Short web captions

Segment Open

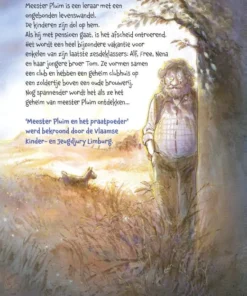 Alternative view of Meester Pluim en het praatpoeder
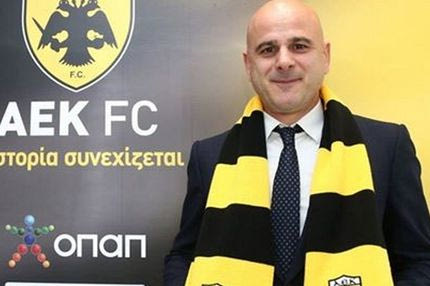 Ανακοίνωσε Κετσπάγια η ΑΕΚ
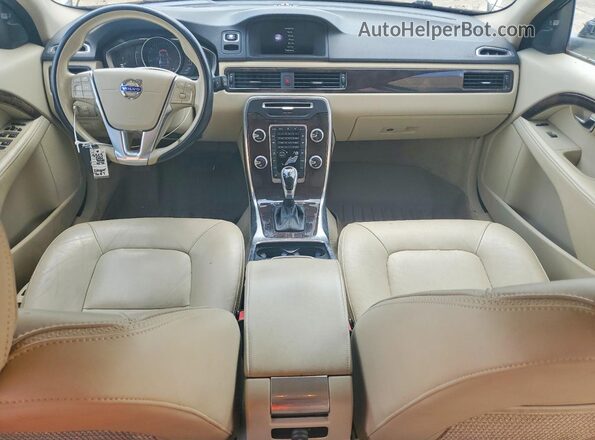 YV440MBM7G1270675 2016 VOLVO XC70 White Vista del salpicadero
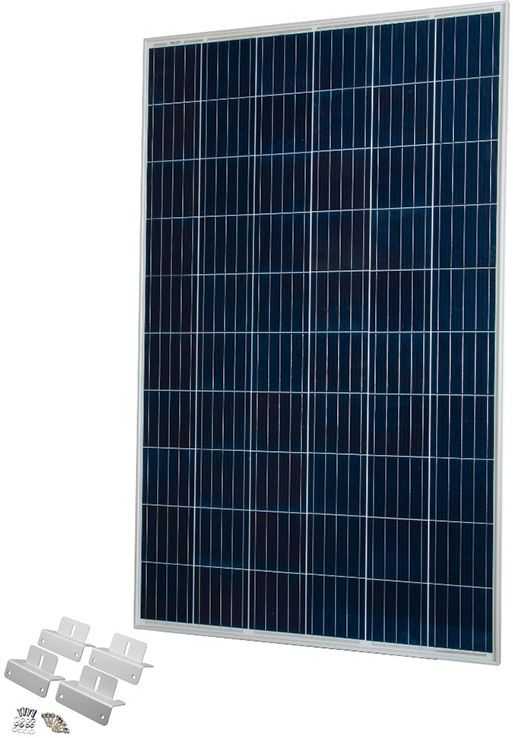 Солнечная панель 250Вт с универсальным креплением Солнечная энергия фото, изображение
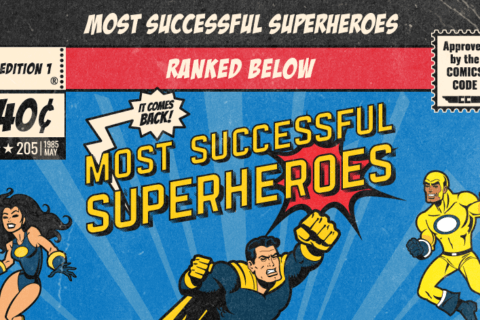 the most successful superheroes 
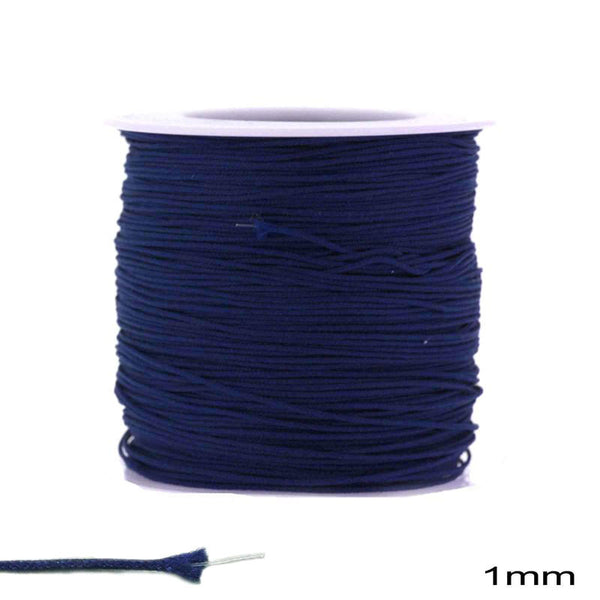 Κορδόνι Jade με Ενίσχυση Πετονιά 1mm σε συσκευασία 100 μέτρων, διαθέσιμο σε 16 χρώματα - So Cute Cut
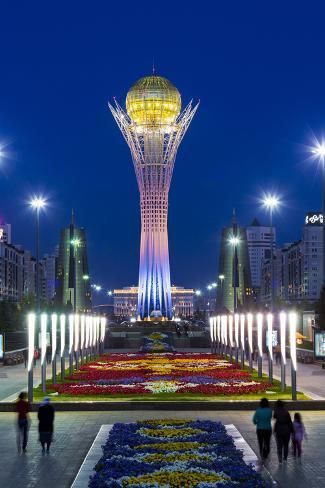   Astana in Kazakhstan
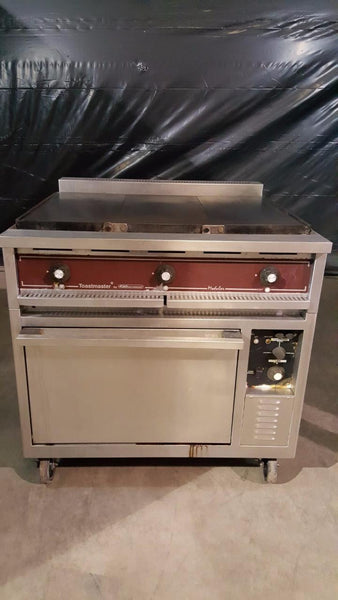 Used - Toastmaster by Southbend RH36C1W 36" Hot Top Range w/ Convection Oven - BUYREL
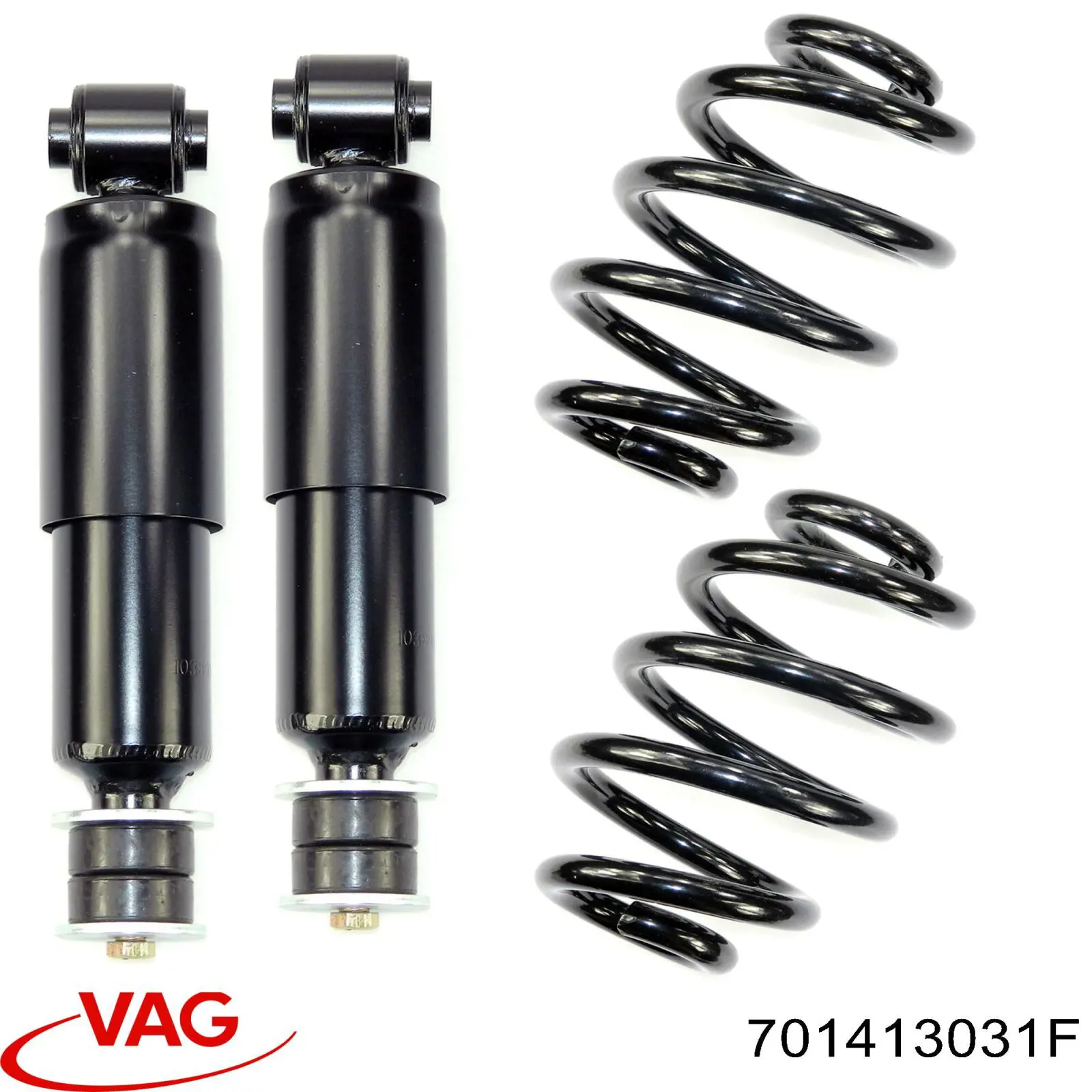 Купить 701413031F VAG Амортизатор передней подвески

Segment Closed

Set down word for word the lines from the opening of the entries above through the line that contains "the most successful superheroes", and omit every picture.

◆ Task result
 Alternative view of Meester Pluim en het praatpoeder
 Ανακοίνωσε Κετσπάγια η ΑΕΚ
 YV440MBM7G1270675 2016 VOLVO XC70 White Vista del salpicadero
 Солнечная панель 250Вт с универсальным креплением Солнечная энергия фото, изображение
 the most successful superheroes 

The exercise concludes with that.